(Beginning of Given records)

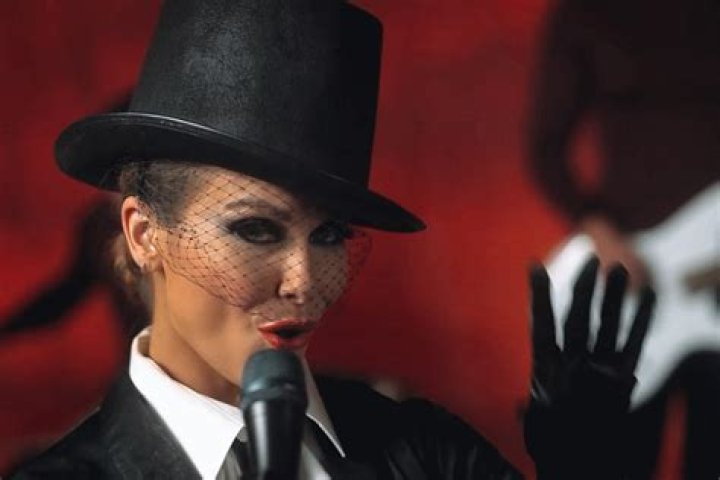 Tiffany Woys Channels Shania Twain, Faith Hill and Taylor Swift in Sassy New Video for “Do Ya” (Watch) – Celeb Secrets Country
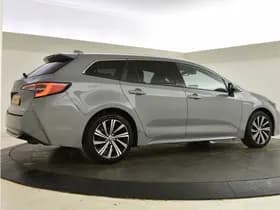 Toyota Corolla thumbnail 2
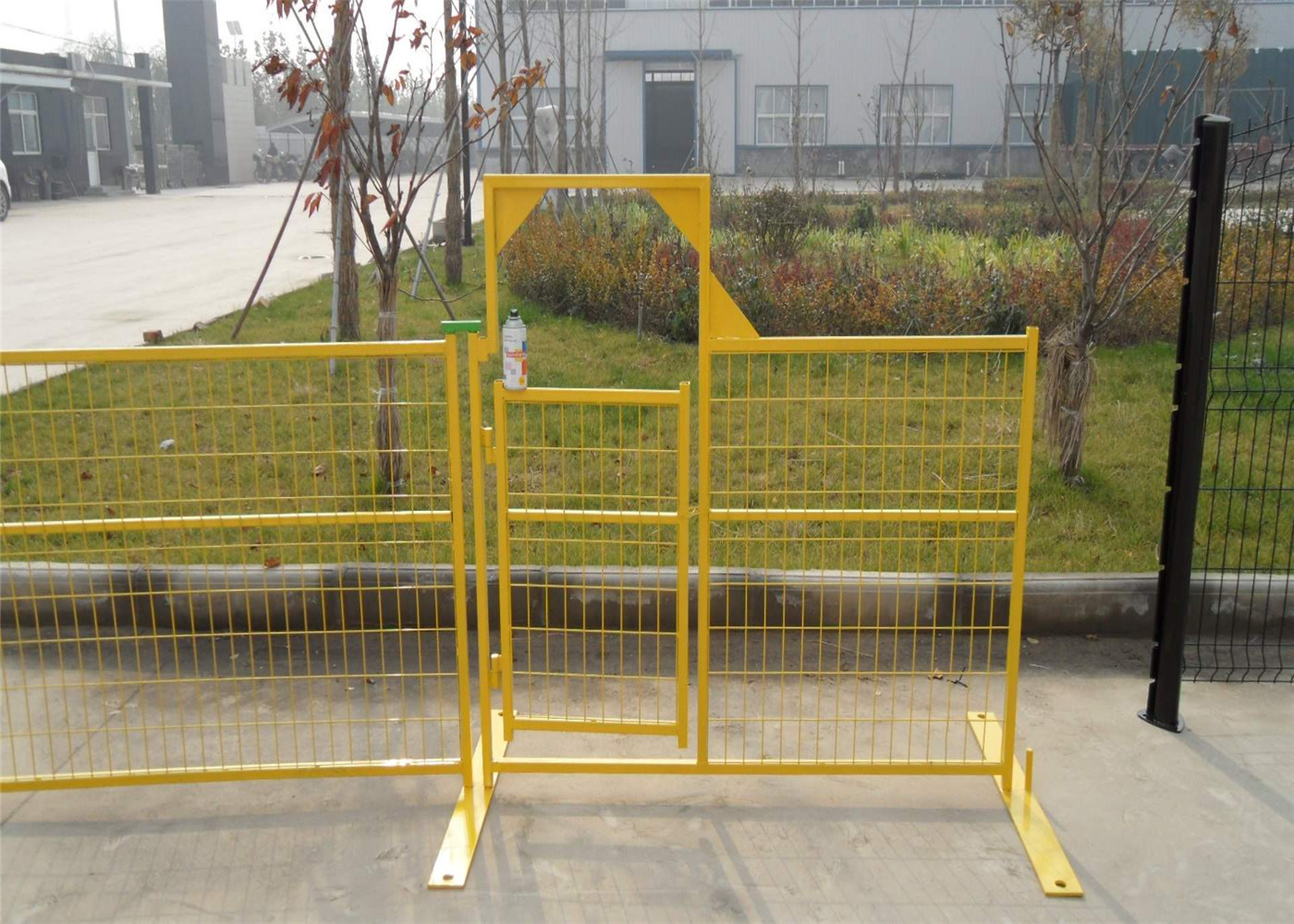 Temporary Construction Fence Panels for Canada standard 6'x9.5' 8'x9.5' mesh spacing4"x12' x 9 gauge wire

(End of Given records)
(Beginning of Given records)

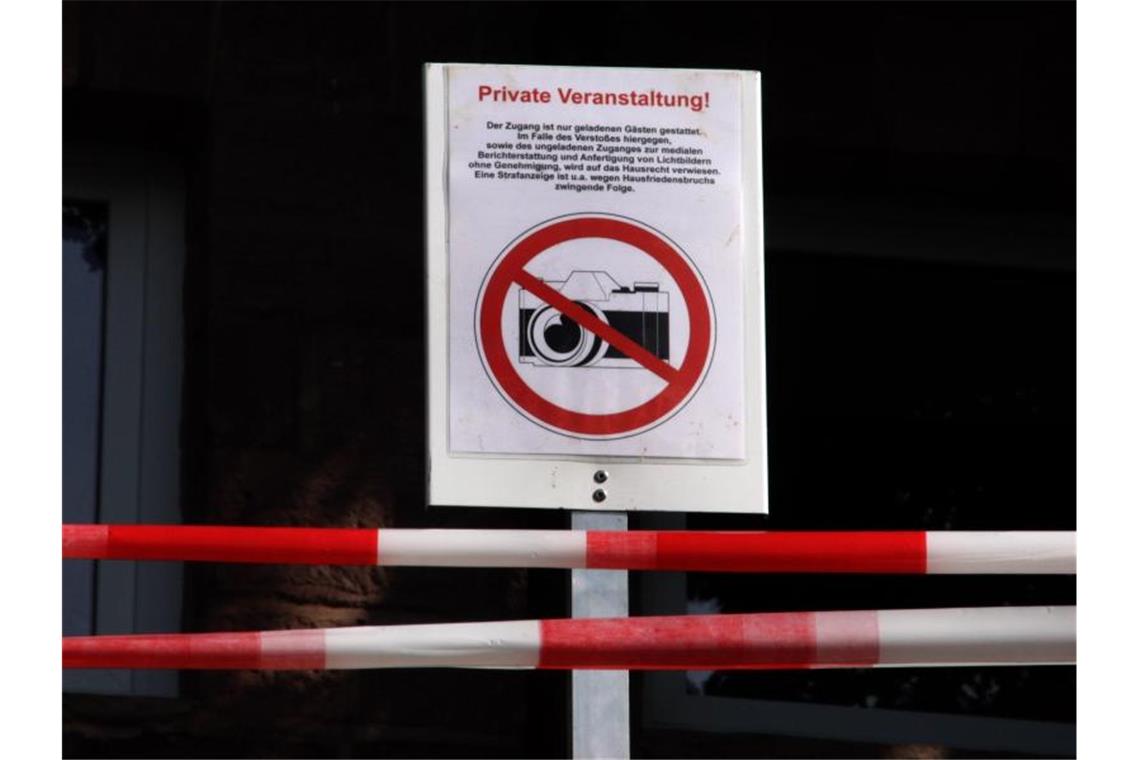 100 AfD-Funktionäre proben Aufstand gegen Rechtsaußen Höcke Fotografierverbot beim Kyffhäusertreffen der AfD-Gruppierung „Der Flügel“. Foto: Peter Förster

(End of Given records)
(Beginning of Given records)

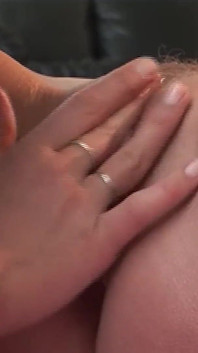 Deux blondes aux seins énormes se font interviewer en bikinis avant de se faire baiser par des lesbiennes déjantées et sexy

(End of Given records)

Problem description — What you need to produce is an exact copy of the entries above, limited to the lines from the one with "Tiffany Woys Channels" up to and including the one with "Temporary Construction Fence", without pictures.

Exercise result —
 Tiffany Woys Channels Shania Twain, Faith Hill and Taylor Swift in Sassy New Video for “Do Ya” (Watch) – Celeb Secrets Country
 Toyota Corolla thumbnail 2
 Temporary Construction Fence Panels for Canada standard 6'x9.5' 8'x9.5' mesh spacing4"x12' x 9 gauge wire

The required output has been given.